Example.UserManagementService is an example microservice based on ServiceStack that enables user creation, authentication and basic user functionality such as updating a user's e-mail or password. The microservice is split in different projects which are all loaded in the main Web project and exposed on the internet. A description of how and why the microservice is split is below.

The microservice is split in different projects, each being a DLL except for the Web one. Every project is named accordingly to represent its intent accurately. The microservice consists of the following projects:

• Example.UserManagementService

This project contains the main functionality of the microservice. This includes defining routes, handinling requests, registering dependencies to the IoC container and validation. This DLL is directly exposed to the internet through the Web project.

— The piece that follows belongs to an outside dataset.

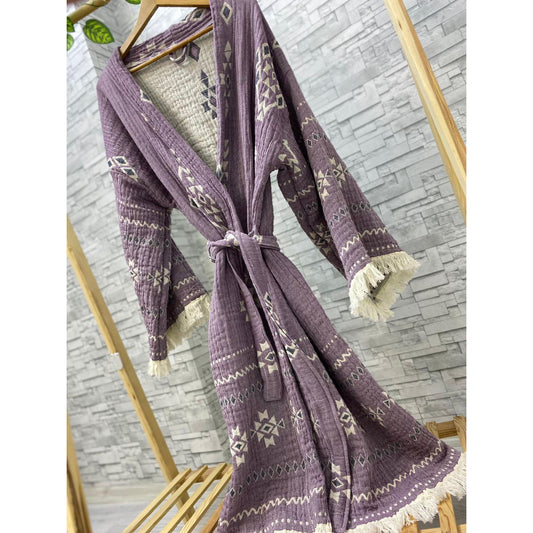 Turkish Towel Kimono Kaftan Bathrobe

• Example.UserManagementService.Client

This project enables third-party services to consume our microservice. It is basically an HTTP client that sends requests to our microservice and returns the relevant response. Normally, this would be uploaded to a NuGet server to be fed to potential consumers. The .Common project must also be published to a NuGet server as it contains the microservice's models (explained below).

• Example.UserManagementService.Common

This project contains all objects that are shared between each project. For example, models, standard errors and constants are defined in the Common project. This allows us to reuse objects and ensure continuity within the microservice and external consumers. This project must be published to a NuGet server, alongside the Client since the models contained here are used in the Client as well.

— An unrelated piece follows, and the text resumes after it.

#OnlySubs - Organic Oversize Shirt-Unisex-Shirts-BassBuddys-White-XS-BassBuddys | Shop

• Example.UserManagementService.Internal

This project contains functionality that should not be directly exposed on the outside. For example, our database communication is performed in the Internal project. Mappers and model mappings are also contained in here. We use a separate project for internal functionality to ensure that responsibility is split across our solution properly and to prevent outside sources from tampering with internal functionality. Additionally, the main microservice component can act as middleware and filter requests going through our Internal project.

• Example.UserManagementService.Web

This is an empty ASP .NET project which starts our microservice up and exposes it to the internet. Configuration files are loaded through this project and passed to the main microservice project through the AppHost class. Any webserver related configuration should be performed in this project. Other than bootstrapping our service and passing configuration, this project does nothing more.

Let's assume that a programmer wants to implement new functionality on the microservice. For example, a programmer wants to allow users to change their username. Their first step on the approach would be to create the request model.

In the Example.UserManagementService.Common project, under the folder Requests, we create a new class called UpdateUserUsernameRequest that looks like this:

using Codelux.Common.Requests;

namespace Example.UserManagementService.Common.Requests
{
    public class UpdateUserUsernameRequest : AuthenticatedRequest
    {
        public string NewUsername { get; set; }
        public string Password { get; set; }
    }
}

Then we create a validator for this request in the Example.UserManagementService project, under the folder Validators, which we call UpdateUserUsernameRequestValidator and looks like this:

public class UpdateUserUsernameRequestValidator : AbstractValidator<UpdateUserUsernameRequest>
{
    public UpdateUserUsernameRequestValidator(IUsernameUniqueValidationRule usernameUniqueValidationRule)
    {
        usernameUniqueValidationRule.Guard(nameof(usernameUniqueValidationRule));

        RuleFor(x => x.UserId)
            .NotEmpty().WithMessage("Please provide a valid user ID.");

        RuleFor(x => x.Password)
            .NotEmpty().WithMessage("Please enter your password.");

        RuleFor(x => x.Username)
            .NotEmpty().WithMessage("Please enter your desired username")
            .Length(4, 150).WithMessage("Username must be 4 to 150 characters long.")
            .Must(usernameUniqueValidationRule.Matches).WithMessage("Username is in use. Please choose a different username.");
    }
}

Note: By validating that the request contains a user ID, we know that this request comes from a user who has authenticated in our service. If you look closely above, our request inherits AuthenticatedRequest which is basically a request that contains a UserId and a Username property.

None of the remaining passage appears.